(Beginning of DATA RECORDS)

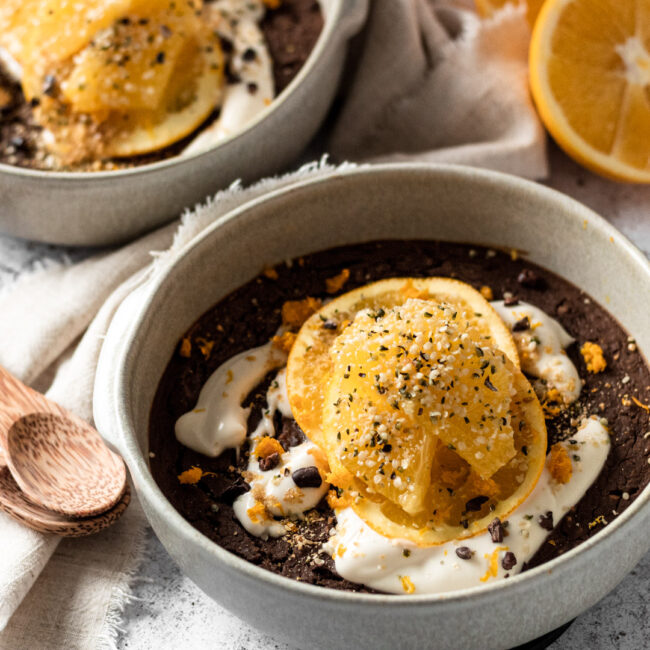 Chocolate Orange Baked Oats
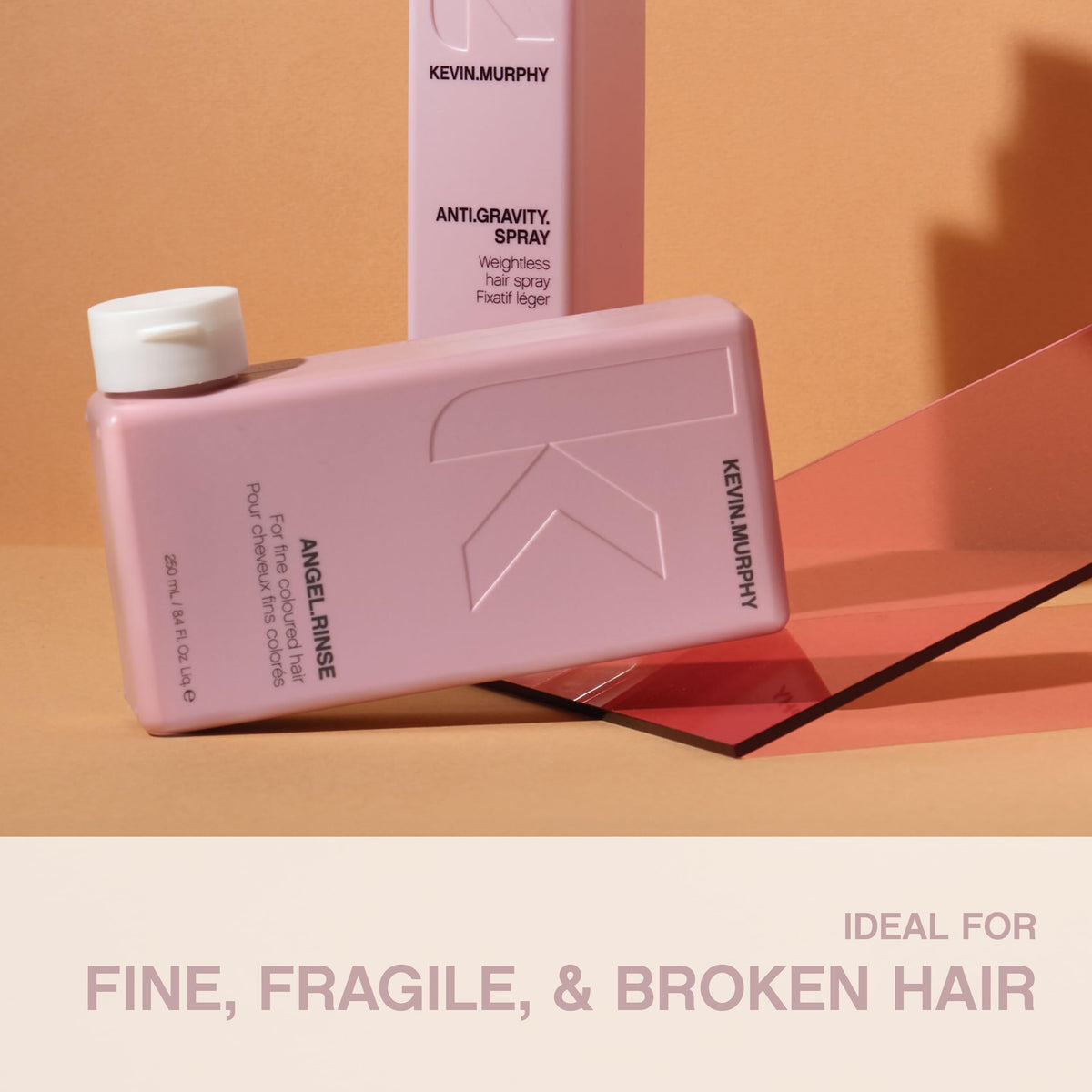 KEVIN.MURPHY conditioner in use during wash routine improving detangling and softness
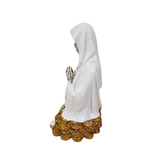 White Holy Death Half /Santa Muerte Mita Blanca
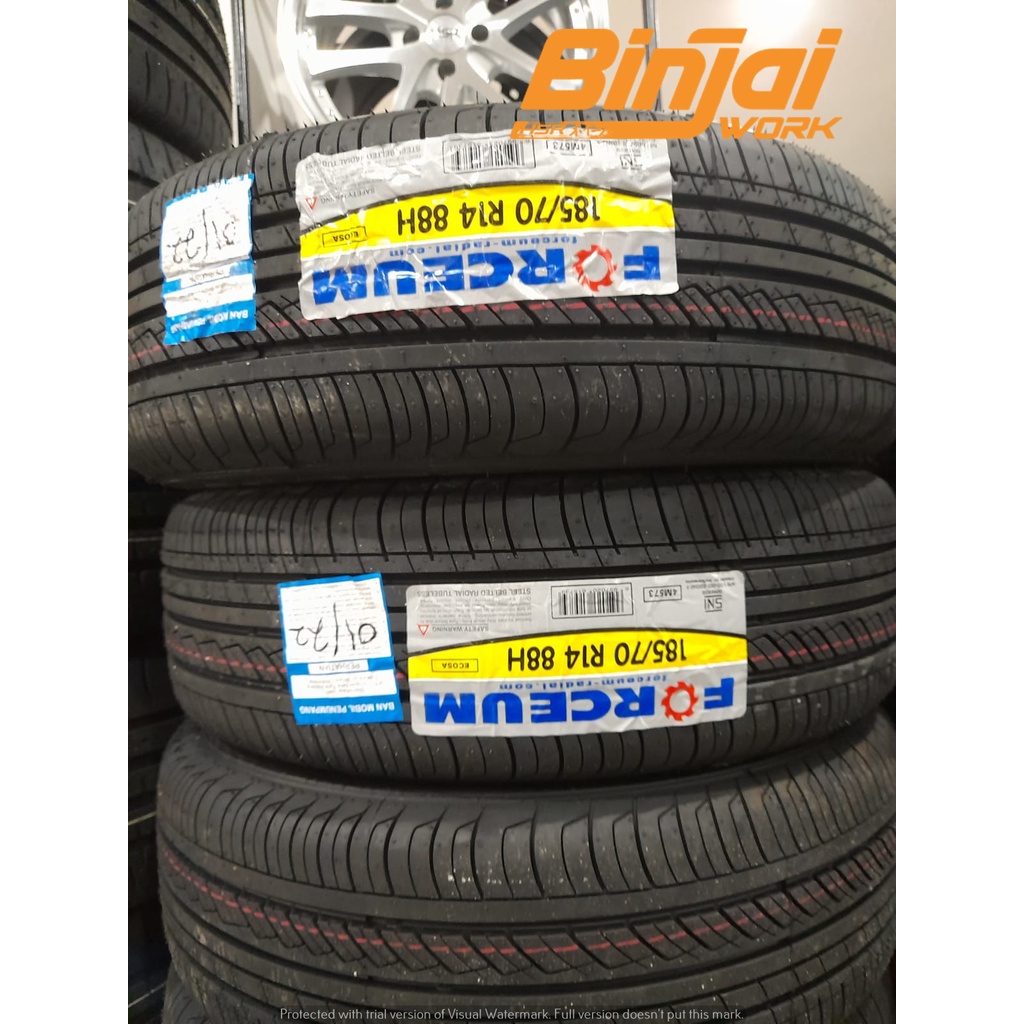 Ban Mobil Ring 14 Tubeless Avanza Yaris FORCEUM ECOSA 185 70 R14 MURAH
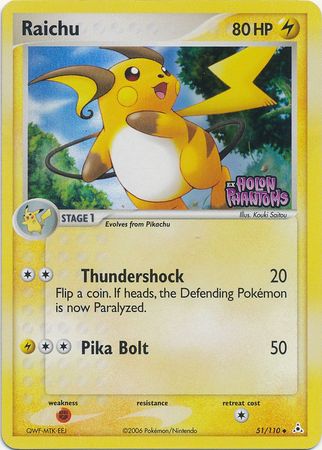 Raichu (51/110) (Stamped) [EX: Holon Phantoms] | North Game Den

(End of DATA RECORDS)
(Beginning of DATA RECORDS)

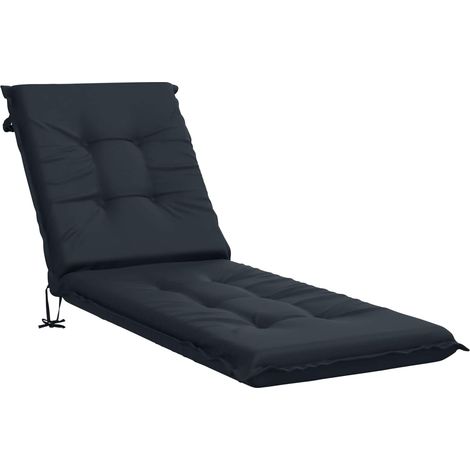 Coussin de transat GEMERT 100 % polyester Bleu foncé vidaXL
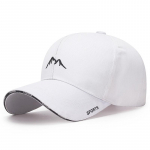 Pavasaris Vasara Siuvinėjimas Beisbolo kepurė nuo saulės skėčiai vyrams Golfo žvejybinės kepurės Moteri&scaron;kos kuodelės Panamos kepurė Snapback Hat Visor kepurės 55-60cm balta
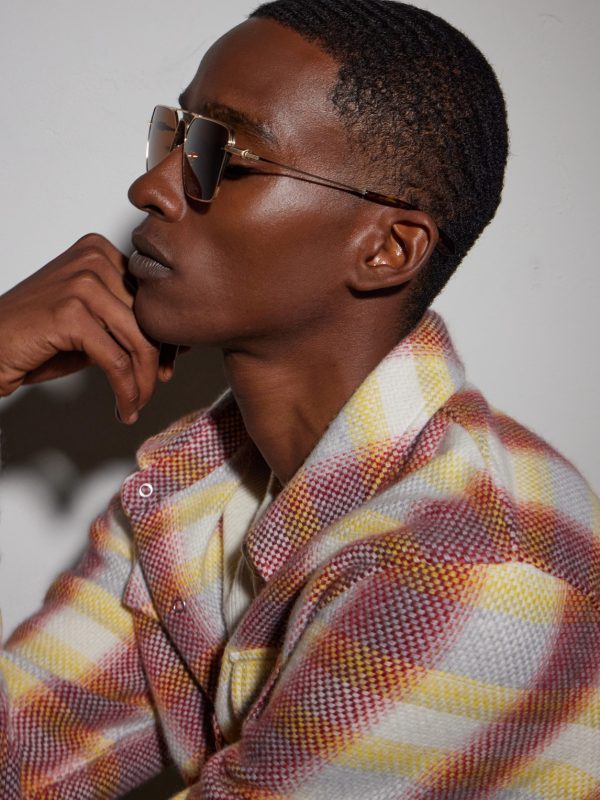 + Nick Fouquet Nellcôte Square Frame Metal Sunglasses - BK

(End of DATA RECORDS)

## INSTRUCTIONS TO FOLLOW:
Set the pictures aside and reproduce exactly the lines above, from the line holding "KEVIN.MURPHY conditioner in" through the line holding "Raichu (51/110) (Stamped)", both included, with nothing else.

## EXERCISE OUTPUT:
 KEVIN.MURPHY conditioner in use during wash routine improving detangling and softness
 White Holy Death Half /Santa Muerte Mita Blanca
 Ban Mobil Ring 14 Tubeless Avanza Yaris FORCEUM ECOSA 185 70 R14 MURAH
 Raichu (51/110) (Stamped) [EX: Holon Phantoms] | North Game Den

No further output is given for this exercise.